*Your goal*. What is needed is an exact transcription of the listing, with the images removed.

*Dataset excerpt*.
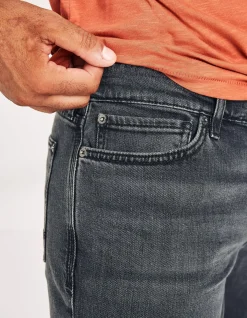 Men FatFace Jeans|Slim Wash Jeans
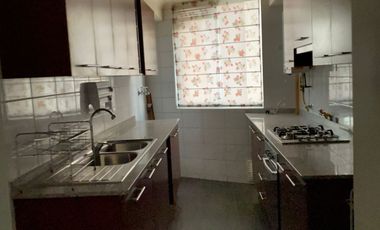 Vendo Departamento 3 Dormitorios Borde Rio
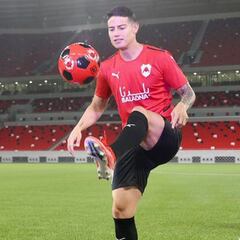 Colombia, entre los países con más transferencias en 2021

*Result*.
 Men FatFace Jeans|Slim Wash Jeans
 Vendo Departamento 3 Dormitorios Borde Rio
 Colombia, entre los países con más transferencias en 2021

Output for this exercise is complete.